Almost a month since my last post. Shameful. The good news is, this means I’ve been busy. The bad news is I got out of the habit. So I begin again.
“Good morning, young lady, how are you?”
This had been my greeting every morning for nearly a year now. It came from the cheerful and peppy voice of my bus driver. I was reflecting this morning about the people we see every day who become constants in the commuter routine. So constant they nearly go unnoticed–until they disappear. And the absence leaves a gaping hole.

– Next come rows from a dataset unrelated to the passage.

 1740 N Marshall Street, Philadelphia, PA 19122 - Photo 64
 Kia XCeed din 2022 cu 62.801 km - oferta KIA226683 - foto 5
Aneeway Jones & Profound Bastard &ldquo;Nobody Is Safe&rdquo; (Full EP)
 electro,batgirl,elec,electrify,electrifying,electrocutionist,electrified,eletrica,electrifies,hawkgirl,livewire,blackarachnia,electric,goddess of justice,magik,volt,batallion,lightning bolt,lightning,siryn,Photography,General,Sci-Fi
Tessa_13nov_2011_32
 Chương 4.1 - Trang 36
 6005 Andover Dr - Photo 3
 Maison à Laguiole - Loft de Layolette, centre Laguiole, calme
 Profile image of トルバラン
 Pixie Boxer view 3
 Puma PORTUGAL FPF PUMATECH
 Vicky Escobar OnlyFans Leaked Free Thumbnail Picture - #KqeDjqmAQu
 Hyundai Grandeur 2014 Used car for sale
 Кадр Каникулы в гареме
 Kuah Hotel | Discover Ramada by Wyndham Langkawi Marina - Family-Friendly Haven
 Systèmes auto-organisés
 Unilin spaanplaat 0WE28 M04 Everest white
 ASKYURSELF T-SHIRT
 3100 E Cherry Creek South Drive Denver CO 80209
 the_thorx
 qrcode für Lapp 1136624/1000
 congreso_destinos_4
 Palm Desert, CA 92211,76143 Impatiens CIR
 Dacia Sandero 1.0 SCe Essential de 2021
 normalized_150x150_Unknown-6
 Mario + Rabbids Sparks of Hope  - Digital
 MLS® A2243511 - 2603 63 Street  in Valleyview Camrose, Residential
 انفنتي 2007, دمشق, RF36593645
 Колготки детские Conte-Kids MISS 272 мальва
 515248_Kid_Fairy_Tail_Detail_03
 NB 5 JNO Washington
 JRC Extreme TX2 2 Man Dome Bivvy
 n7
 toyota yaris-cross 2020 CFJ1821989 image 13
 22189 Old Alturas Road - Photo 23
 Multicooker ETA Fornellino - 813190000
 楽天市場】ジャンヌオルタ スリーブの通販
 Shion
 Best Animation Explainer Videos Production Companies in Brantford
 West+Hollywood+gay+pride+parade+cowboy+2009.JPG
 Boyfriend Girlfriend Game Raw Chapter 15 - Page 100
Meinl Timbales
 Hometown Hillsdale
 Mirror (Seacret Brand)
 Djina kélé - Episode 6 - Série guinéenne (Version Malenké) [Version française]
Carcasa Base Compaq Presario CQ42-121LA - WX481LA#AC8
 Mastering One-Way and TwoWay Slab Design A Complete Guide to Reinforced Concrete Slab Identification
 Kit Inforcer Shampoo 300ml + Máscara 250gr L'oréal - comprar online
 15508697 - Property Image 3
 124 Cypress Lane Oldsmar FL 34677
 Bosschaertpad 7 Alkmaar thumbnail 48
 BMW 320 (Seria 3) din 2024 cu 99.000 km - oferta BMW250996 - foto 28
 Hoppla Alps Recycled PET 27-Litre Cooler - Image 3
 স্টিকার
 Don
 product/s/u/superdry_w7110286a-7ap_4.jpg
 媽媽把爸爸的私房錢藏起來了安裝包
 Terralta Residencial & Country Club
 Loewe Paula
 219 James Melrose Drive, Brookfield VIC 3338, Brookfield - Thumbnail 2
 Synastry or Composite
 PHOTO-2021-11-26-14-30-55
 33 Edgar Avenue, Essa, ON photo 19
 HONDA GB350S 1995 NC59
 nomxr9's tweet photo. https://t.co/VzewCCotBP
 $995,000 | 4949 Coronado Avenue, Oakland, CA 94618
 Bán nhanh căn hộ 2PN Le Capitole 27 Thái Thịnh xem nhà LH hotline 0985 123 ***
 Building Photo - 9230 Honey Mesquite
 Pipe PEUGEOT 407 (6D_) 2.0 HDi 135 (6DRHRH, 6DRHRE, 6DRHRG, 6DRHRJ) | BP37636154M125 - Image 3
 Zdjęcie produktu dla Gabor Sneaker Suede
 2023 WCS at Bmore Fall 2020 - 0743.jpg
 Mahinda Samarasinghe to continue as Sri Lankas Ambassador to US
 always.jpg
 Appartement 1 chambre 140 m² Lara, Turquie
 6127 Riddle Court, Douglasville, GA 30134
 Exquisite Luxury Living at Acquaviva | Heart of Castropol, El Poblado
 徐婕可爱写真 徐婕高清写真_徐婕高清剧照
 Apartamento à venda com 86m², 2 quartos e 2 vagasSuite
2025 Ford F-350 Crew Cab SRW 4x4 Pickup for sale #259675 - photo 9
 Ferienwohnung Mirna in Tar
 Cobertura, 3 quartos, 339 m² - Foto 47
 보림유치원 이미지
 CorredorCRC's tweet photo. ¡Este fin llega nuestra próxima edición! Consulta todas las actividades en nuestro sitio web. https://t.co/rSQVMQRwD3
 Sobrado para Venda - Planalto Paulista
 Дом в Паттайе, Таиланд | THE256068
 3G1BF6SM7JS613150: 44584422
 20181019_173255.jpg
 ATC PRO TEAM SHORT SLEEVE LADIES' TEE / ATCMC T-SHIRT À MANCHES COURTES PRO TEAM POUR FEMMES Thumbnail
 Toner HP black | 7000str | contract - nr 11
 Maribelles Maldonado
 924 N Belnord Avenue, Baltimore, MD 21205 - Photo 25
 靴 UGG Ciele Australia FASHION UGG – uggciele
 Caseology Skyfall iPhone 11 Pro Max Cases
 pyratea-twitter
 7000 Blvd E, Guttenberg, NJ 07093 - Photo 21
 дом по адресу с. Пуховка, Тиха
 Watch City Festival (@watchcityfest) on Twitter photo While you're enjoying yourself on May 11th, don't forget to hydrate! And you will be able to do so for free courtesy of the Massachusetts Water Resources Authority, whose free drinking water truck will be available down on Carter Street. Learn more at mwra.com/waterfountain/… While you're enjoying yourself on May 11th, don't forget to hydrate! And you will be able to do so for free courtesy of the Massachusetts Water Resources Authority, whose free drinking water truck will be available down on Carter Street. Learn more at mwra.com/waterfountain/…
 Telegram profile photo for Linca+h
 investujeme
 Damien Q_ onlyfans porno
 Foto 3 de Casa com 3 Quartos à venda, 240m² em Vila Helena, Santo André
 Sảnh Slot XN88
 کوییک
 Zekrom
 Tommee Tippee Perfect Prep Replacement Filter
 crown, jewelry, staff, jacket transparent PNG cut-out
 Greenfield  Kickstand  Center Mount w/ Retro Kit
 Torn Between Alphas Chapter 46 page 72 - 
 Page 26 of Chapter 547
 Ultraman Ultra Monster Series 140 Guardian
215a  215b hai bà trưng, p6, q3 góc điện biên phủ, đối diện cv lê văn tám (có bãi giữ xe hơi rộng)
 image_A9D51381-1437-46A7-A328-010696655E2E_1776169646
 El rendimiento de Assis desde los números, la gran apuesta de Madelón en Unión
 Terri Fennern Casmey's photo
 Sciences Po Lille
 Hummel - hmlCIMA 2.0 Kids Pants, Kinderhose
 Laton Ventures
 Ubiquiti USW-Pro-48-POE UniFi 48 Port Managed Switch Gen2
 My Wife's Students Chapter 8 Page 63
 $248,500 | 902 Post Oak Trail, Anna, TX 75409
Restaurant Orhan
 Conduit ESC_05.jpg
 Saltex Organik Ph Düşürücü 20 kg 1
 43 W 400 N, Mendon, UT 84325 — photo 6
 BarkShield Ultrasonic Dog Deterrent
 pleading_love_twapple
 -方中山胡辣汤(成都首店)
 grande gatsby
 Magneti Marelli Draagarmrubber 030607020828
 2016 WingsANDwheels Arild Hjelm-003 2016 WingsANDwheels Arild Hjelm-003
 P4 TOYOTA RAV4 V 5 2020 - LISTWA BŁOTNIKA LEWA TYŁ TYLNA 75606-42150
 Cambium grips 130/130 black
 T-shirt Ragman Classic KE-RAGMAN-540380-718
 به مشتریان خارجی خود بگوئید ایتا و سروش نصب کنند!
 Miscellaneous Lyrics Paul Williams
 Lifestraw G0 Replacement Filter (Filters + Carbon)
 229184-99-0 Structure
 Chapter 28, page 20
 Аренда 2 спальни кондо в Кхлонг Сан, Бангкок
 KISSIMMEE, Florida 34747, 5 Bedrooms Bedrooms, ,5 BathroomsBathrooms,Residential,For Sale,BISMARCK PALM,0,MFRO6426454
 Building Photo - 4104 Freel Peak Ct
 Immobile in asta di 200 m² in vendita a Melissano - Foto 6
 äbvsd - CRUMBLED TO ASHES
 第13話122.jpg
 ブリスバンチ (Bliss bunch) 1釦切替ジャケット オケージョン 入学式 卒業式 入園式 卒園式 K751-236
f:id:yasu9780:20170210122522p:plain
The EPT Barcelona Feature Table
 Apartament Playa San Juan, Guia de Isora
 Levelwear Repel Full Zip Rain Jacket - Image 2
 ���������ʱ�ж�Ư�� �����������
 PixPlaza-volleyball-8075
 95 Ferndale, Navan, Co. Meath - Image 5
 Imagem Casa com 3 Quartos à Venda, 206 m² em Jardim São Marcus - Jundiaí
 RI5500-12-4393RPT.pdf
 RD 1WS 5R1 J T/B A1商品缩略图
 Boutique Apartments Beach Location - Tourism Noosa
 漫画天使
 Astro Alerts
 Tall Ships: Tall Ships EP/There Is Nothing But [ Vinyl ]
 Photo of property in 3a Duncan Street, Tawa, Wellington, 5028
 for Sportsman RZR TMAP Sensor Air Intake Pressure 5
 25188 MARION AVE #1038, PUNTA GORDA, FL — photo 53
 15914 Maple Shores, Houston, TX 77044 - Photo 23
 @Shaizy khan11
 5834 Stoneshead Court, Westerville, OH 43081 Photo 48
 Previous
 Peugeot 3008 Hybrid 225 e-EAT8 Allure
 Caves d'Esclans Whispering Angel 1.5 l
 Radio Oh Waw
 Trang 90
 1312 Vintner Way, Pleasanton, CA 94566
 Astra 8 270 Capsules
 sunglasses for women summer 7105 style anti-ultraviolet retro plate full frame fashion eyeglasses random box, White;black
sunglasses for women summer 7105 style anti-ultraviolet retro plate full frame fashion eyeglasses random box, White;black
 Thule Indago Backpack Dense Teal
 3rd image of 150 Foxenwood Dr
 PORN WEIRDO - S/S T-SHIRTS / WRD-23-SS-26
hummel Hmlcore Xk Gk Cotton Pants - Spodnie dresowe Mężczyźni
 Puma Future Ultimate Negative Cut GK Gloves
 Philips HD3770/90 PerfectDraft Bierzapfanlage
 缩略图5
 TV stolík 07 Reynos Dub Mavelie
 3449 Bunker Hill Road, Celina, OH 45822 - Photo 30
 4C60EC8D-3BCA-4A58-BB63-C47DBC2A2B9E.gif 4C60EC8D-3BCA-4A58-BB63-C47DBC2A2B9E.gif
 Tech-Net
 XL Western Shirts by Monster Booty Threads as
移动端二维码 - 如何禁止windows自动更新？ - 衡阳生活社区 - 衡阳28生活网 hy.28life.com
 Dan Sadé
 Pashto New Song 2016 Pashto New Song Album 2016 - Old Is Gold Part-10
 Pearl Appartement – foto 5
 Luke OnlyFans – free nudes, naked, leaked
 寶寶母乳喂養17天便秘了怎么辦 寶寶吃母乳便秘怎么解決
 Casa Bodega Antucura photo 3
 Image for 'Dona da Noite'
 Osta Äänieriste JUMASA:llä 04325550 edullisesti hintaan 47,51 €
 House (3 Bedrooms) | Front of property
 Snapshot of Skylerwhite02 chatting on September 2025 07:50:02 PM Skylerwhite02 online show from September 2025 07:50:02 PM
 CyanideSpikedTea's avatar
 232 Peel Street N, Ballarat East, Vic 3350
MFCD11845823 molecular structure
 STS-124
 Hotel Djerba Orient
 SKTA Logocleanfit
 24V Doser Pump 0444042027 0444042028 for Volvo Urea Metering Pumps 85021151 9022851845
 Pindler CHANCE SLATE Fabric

There are two constants in my morning commute: the Mr. Miyagi-look-alike pigeon feeding homeless man who stands against the Borders between K and L and my bus driver. Route 61. I never learned his name; he never learned mine. But he created a consistency and dependability to my day that I never knew I really enjoyed.
I knew the day was coming; he gave weeks of warning. Something about a new route, split shifts, shortened schedules, and reduced pay. I wasn’t ready, though. Not ready at all. Mr. Bus Driver had to be the friendliest, most upbeat driver in all of Virginia, if not the United States. Generally, I am skeptical of the uber-happy. Too saccharine. Too sweet. Makes me twitch. And, admittedly, the first few weeks on the route he kind of drove me crazy. But somewhere along the way I was lulled into his kind words and reliable one-liners. Quite simply, he won me over.
Perhaps it was his consistency. He was a man to be counted on. He always arrived on time, creeping away slowly if a regular had not yet boarded, fearful of leaving anyone behind. The one day he arrived too early–leaving many of us to walk–he apologized personally to each of us as we boarded the bus the next day. He broke the rules by stopping wherever you were to let you on if you flagged him down. The value of this kind of consistency in the morning cannot be overstated.
His one-liners while easing the bus into the metro stop became my favorite part of the commute–which would he go with today?! Would it be “The weather is great out there. Let’s be great with it,” or “Have a great day! Say hi to President Obama for me,” or his old standby, “Go out there and make the world a better place.”
New Mr. Bus Driver started today. The sadness among the 7:49am commuters was palpable. It went unspoken but understood that a key part of our commute was missing and would never be replaced. The new driver seems nice enough, but a bit quiet for my taste. I think he muffled a “have a nice day” following my “thank you” upon exit. In fairness, he doesn’t realize the legend he succeeded. He has no way of knowing the proper response to my morning thank you is: “stay beautiful, young lady.”
I said it silently to myself, but it wasn’t the same.